### PROBLEM TO WORK ON
Check each line of the material for the string "Natural", and copy the lines that have it.

### PROVIDED RECORDS
○ ○ ○ ○ ○ ○ ○
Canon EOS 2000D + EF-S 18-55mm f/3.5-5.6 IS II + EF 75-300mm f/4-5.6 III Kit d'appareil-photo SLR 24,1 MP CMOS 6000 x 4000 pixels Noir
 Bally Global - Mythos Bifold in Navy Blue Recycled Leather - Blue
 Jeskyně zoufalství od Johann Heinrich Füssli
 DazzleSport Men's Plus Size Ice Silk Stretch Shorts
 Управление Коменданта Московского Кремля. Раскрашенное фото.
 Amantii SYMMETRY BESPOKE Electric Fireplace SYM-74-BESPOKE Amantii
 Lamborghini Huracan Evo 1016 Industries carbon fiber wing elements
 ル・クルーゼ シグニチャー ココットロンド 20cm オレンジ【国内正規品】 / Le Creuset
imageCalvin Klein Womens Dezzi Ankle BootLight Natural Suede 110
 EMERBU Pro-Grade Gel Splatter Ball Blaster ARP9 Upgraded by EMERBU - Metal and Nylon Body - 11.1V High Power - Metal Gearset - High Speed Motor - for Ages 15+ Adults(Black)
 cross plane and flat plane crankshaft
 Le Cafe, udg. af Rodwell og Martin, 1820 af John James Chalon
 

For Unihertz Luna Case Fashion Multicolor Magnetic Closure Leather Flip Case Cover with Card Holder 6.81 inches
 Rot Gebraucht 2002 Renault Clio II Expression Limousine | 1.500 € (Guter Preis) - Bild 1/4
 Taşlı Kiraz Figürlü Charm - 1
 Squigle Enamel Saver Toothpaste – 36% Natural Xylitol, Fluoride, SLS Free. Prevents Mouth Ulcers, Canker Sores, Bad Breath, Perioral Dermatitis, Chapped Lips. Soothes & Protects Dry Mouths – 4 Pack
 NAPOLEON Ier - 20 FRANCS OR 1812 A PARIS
○ ○ ○ ○ ○ ○ ○
### FINISHED EXERCISE
imageCalvin Klein Womens Dezzi Ankle BootLight Natural Suede 110
 Squigle Enamel Saver Toothpaste – 36% Natural Xylitol, Fluoride, SLS Free. Prevents Mouth Ulcers, Canker Sores, Bad Breath, Perioral Dermatitis, Chapped Lips. Soothes & Protects Dry Mouths – 4 Pack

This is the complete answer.